I haven’t even mentioned the biggest difference between New World and our world. The men can hear each other’s thoughts. This is messy and it can never be shut off. So Todd has grown up listening to this Noise, thinking it is normal. When he discovers a patch of silence in the Noise, this warrants panic and suspicion. And this is where the story starts.
Oh! And the animals can talk. Let me tell you, crocodiles’ speech is damn well terrifying.
There are so many different voices in this book that a lesser author would have struggled to keep these voices strong. Ness, however, makes it so that we never mix up the characters even once. Including the bit-players and the animals.

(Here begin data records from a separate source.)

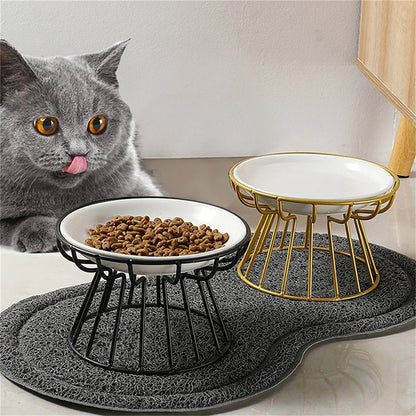 Nordic Elevated Ceramic Pet Bowl | Anti-Cervical Raised Food Bowl for Cats and Dogs | Iron Stand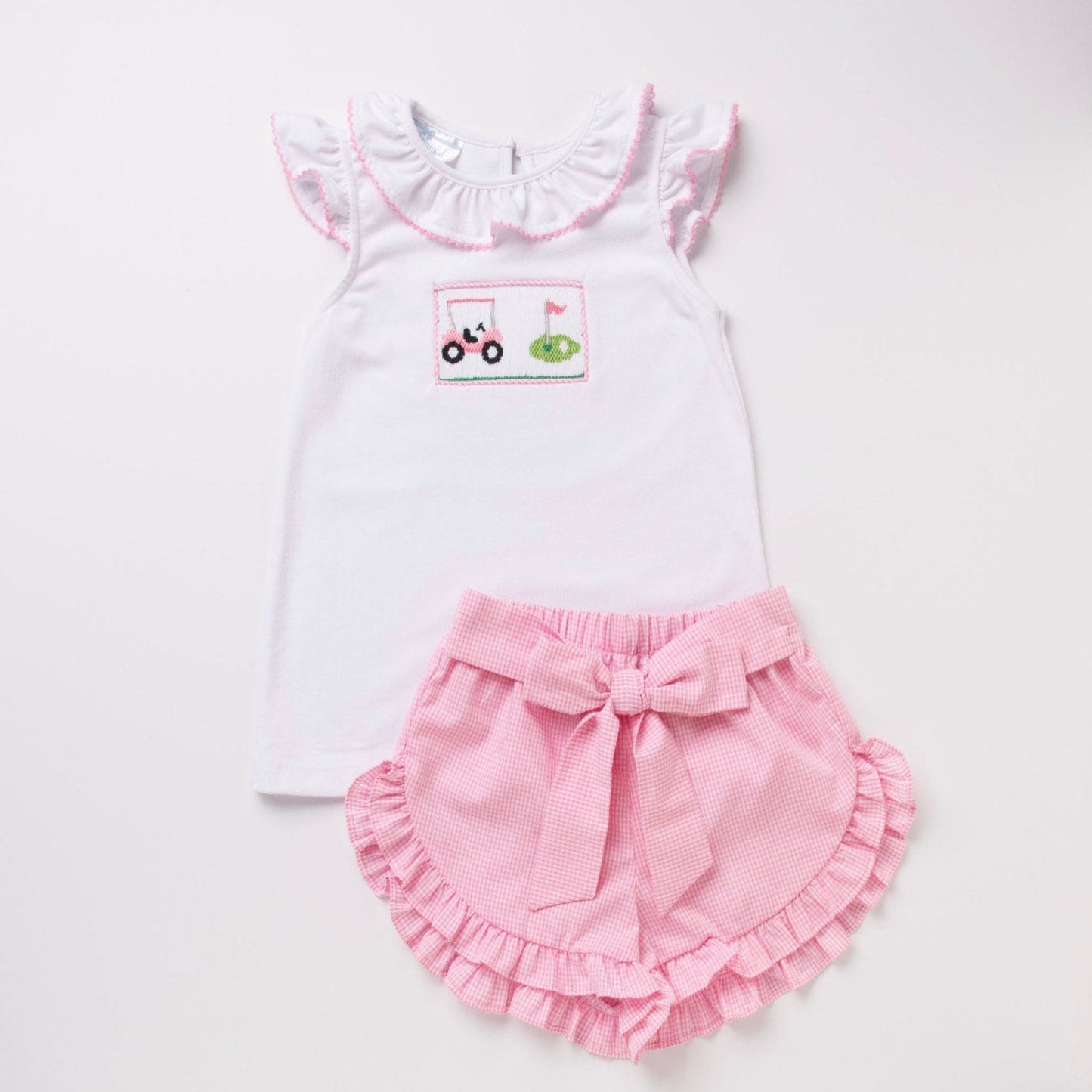 Smocked Pink Golf Short Set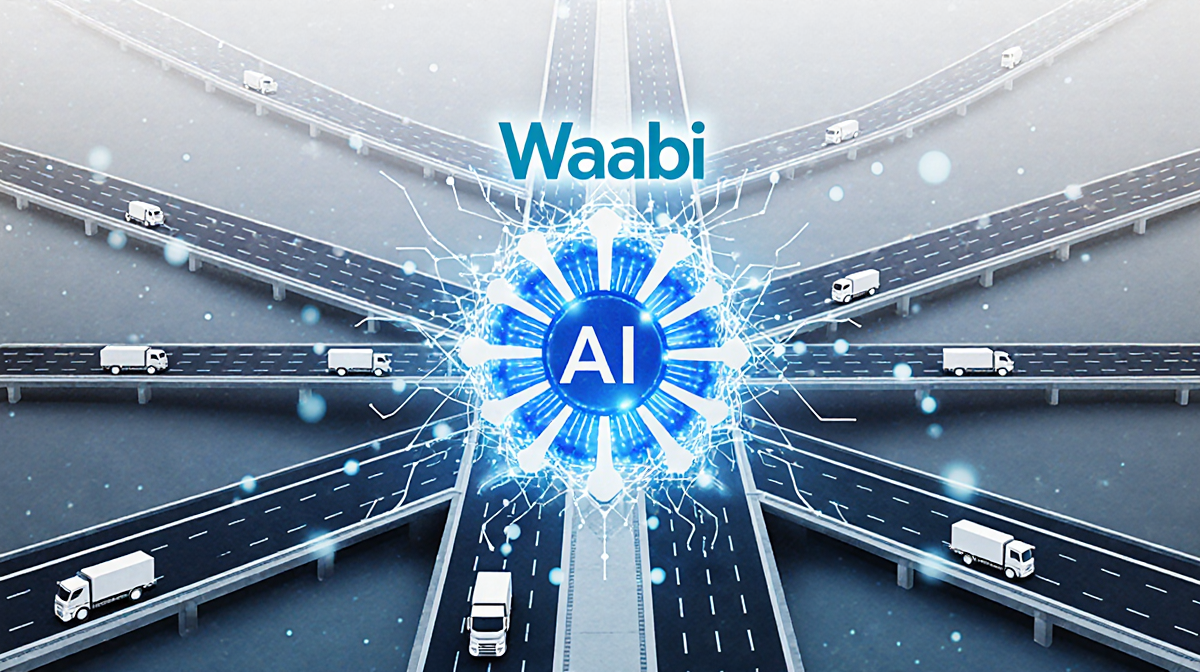 Glowing neural network hub illuminates converging transportation lanes with blue lights and robotaxi motifs.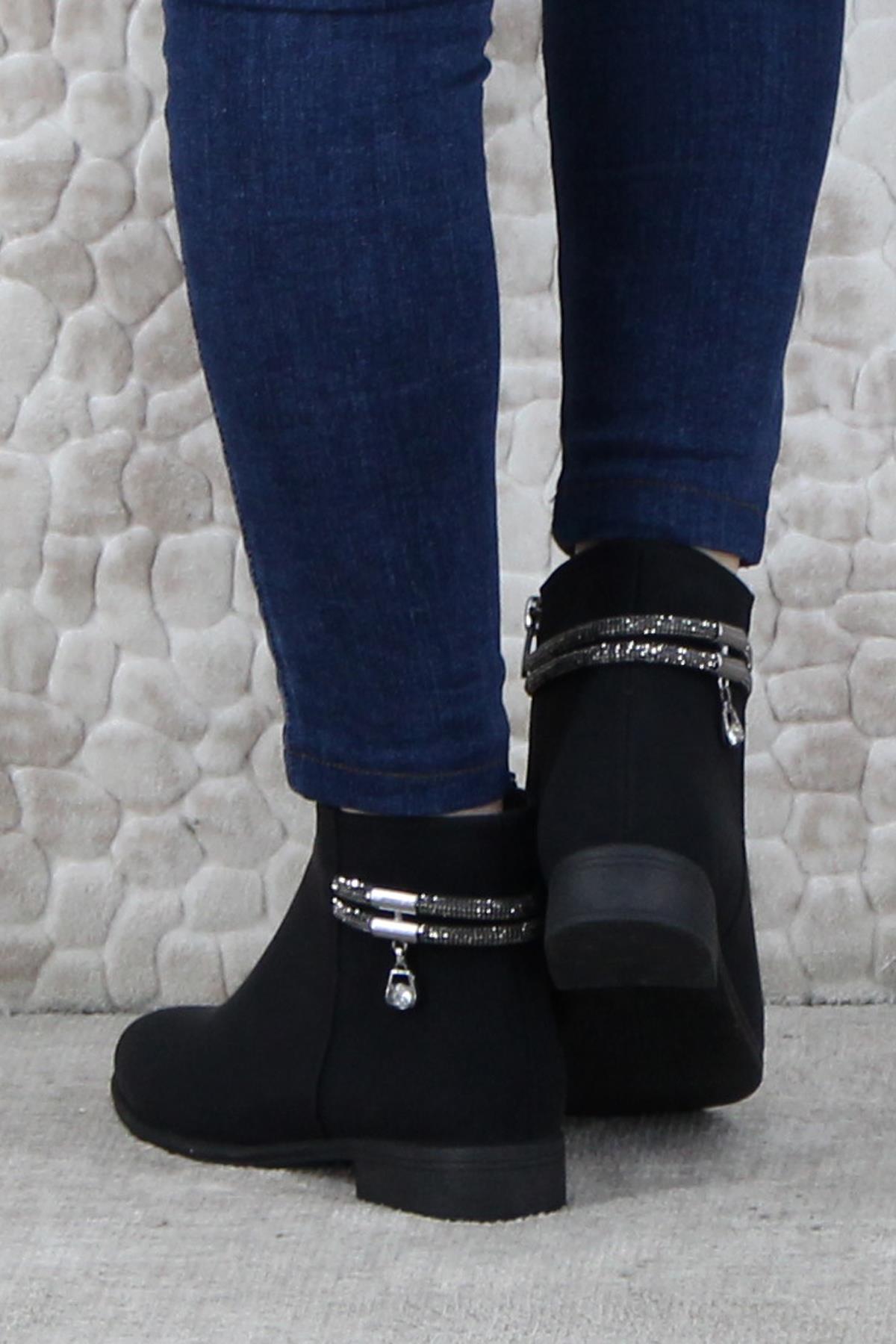 4271 Rahat Esnek Toka Taş Detaylı Sıcak Astar Kadın Bot - Görsel 5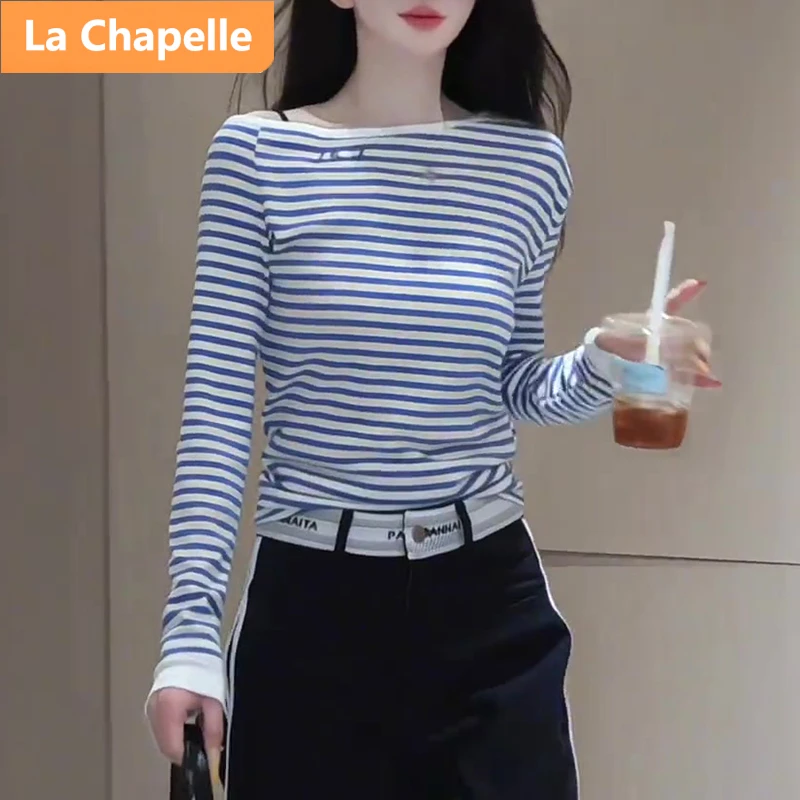 拉夏贝尔斜肩修身长袖上衣女2025显瘦内搭长袖打底撞色新款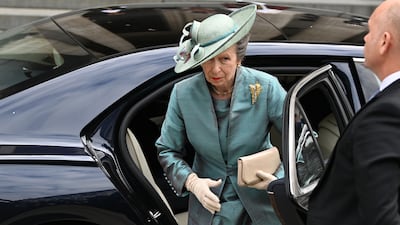 The Princess Royal arriving for the service of thanksgiving. PA Photo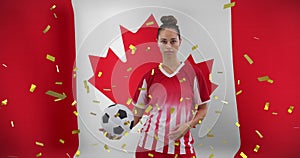 Image of biracial female soccer player over flag of canada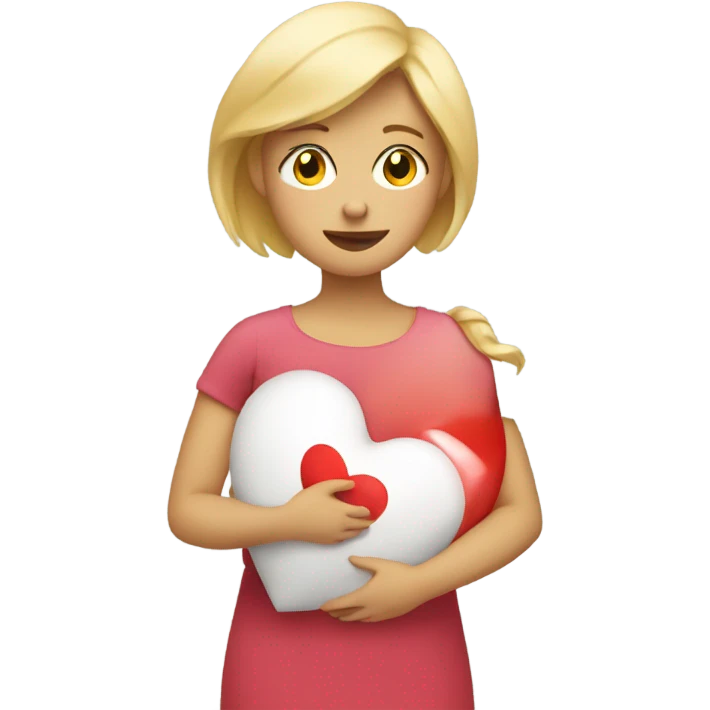 Blonde Mother holds her  big heart in her arm emoji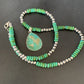 Navajo Green Turquoise Pendant Necklace | Sterling Silver Beads | Authentic Native American Handmade | 13307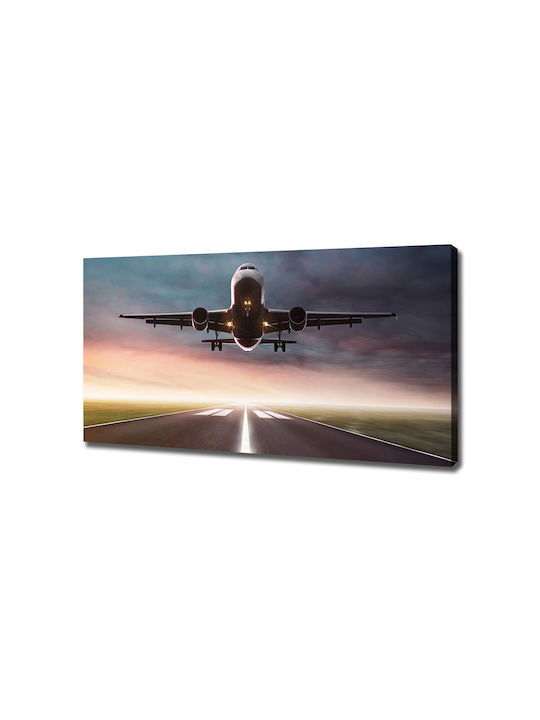 High Quality Wall Canvas Painting Airplane Taking Off 120x60 Cm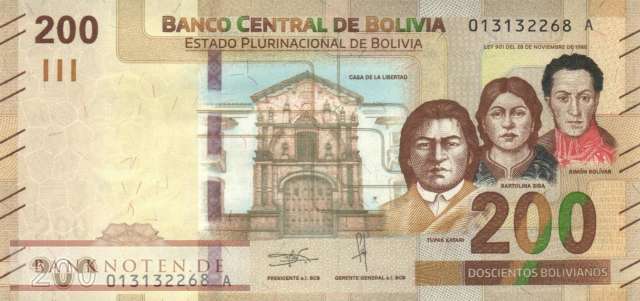 Bolivien - 200  Bolivianos (#252_UNC)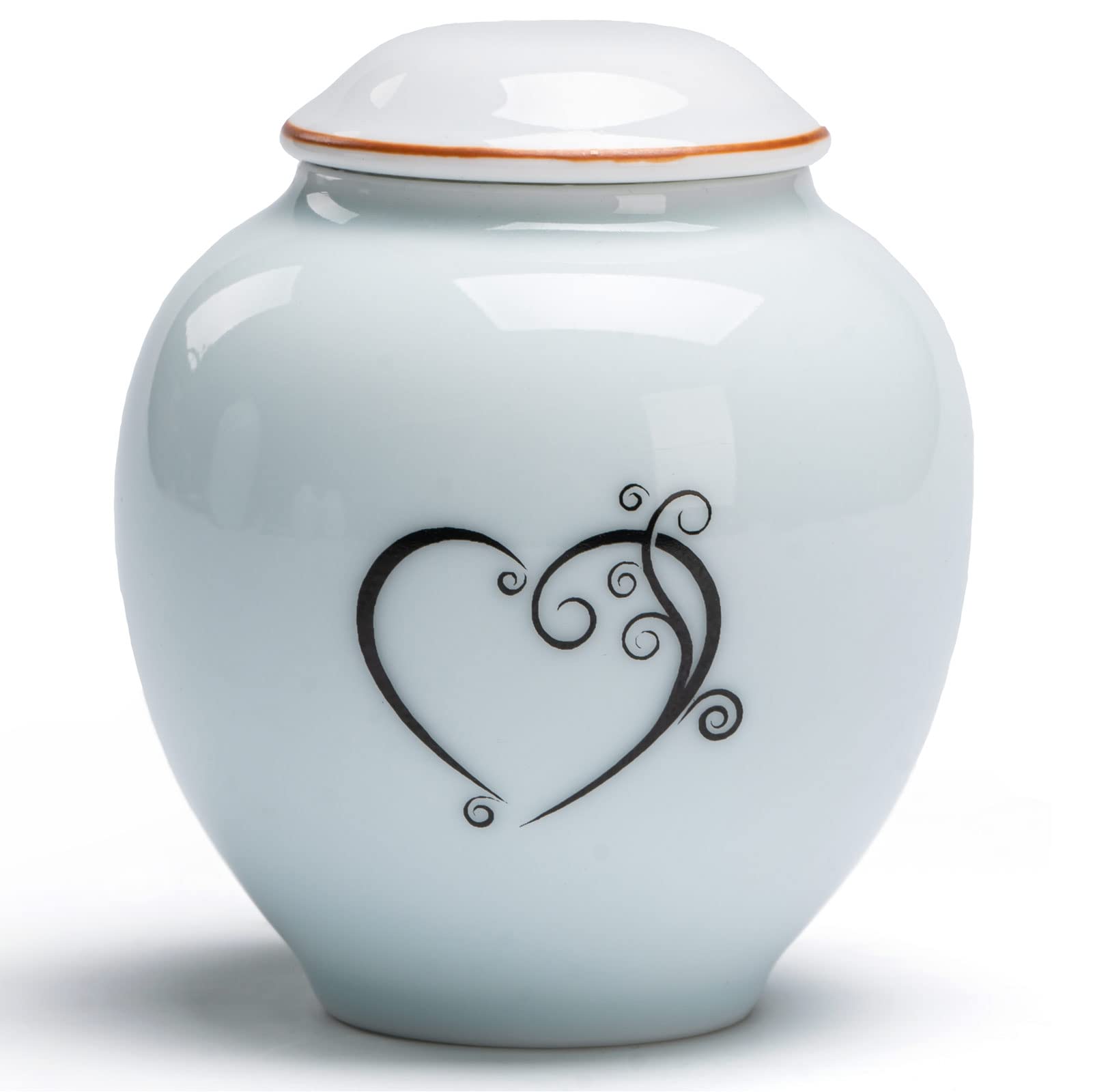 PIOSRTRR Small Urn for Human Ashes Keepsake,for Adult/Pet, Ceramic,Heart-Black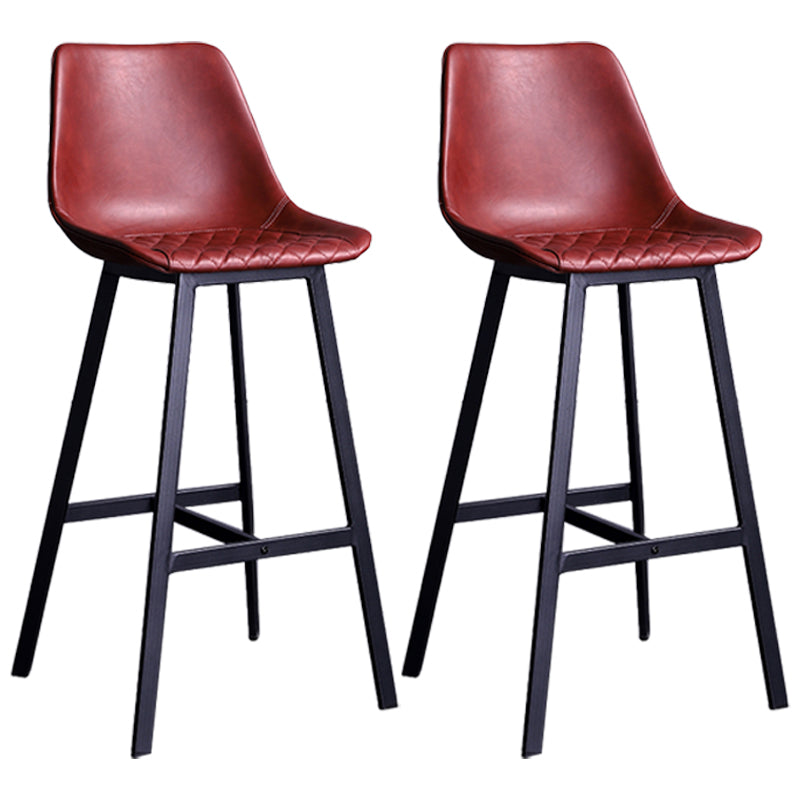 Distressed Leather Low Back Barstool Industrial Indoor Tall Stool with Bucket Seat Burgundy 2 Piece Set Counter Stool(26"H) Clearhalo 'Bar Furniture' 'Bar Stools' 'bar_stools' 'furn' 'furn_bar_stools' 'furniture_bar_stools' 'Kitchen & Dining Furniture' 'kitchen&dining_furn' 'kitchen' 'kitchen_furn' Furniture' 4392125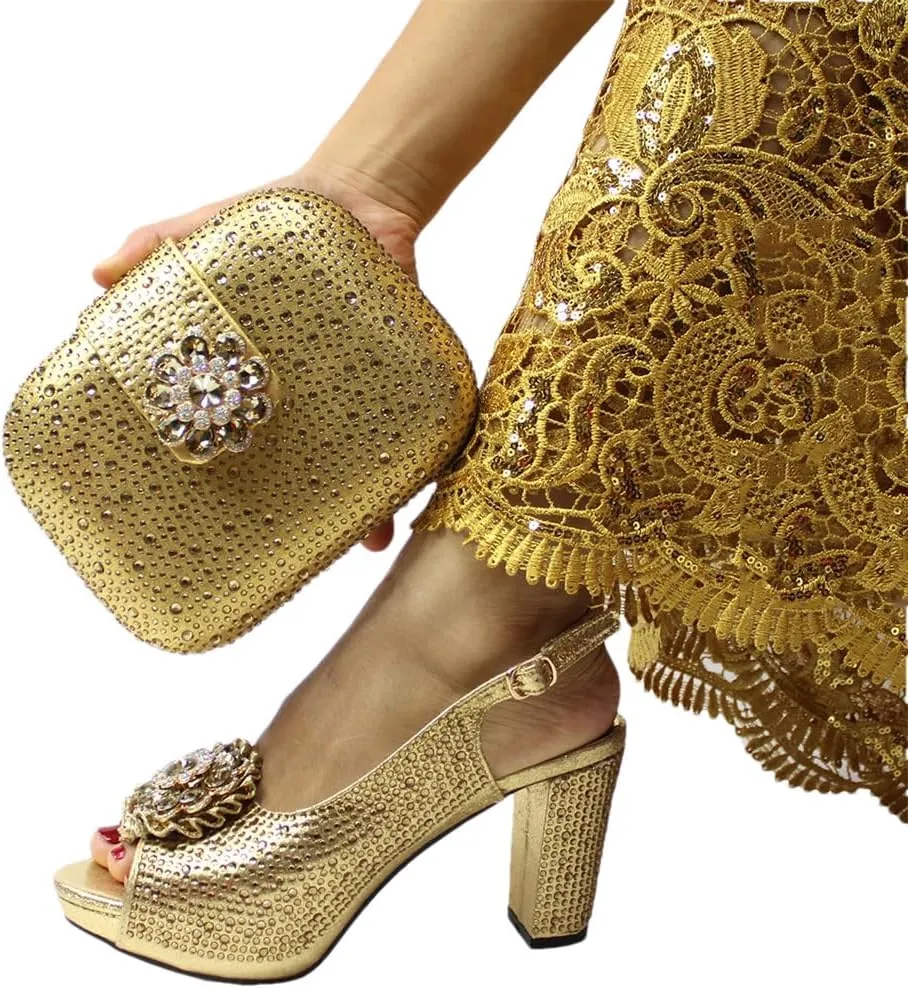 Peep Toe African Spring Autumn Lady Shoes And Bag Set Women Wedding Party Sandal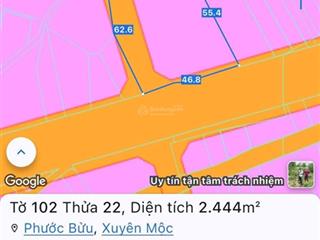 Đất phước bửu xã hồ tràm mới 46,8m mt đường lớn 300 thổ cư. tổng diện tích 2440m2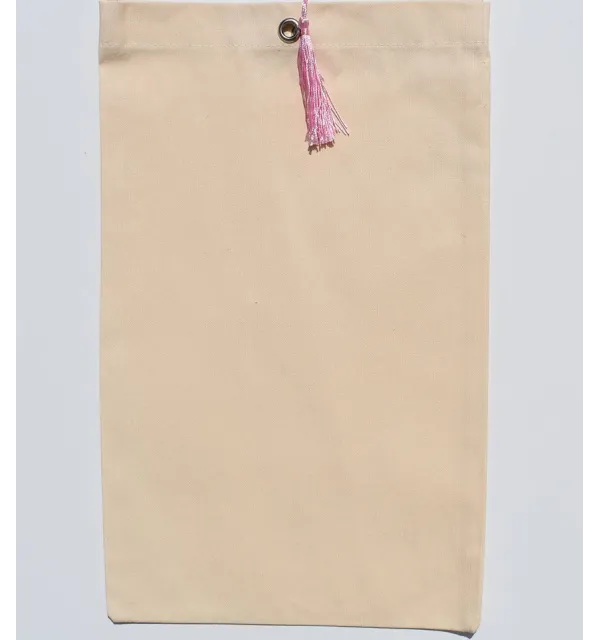 Beach clutch light beige pompom knot pink sugared Fouta Tunisia - 1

Because this is the first book in a trilogy, it is hard to comment on the story thus far. There is a lot of running. A lot of violence. And a few secrets that get revealed throughout. But as far as plot goes, I feel that this was more an exploration of character. That we are given horrific circumstances and we see how Todd and Viola deal with them. We also see how different factions of people deal with both a New World and the Noise. This is what draws you in. I feel like we’ll get more plot than character exploration in The Ask and The Answer, the second book of Chaos Walking, but this is standard trilogy procedure. The plot has to grow and evolve in each proceeding book. Unless the author succumbs to SBS (Second Book Syndrome), but I can’t see Ness, a twice Carnegie Medal Winner, falling into this horrible pattern.
After closing this book, as you may have noticed, it was the language and the characters that left an impact more than the plot. I guess that’s why the plot barely featured here. I feel like first impressions are an important part of reviewing, so that is what I gave you guys.
Oh! The eponymous knife? That becomes a metaphor, a symbol, and a theme. But I can’t really talk about that without giving away spoilers. Trust me when I say that the title is a lot like the title of More Than This in that it is actually part of the story.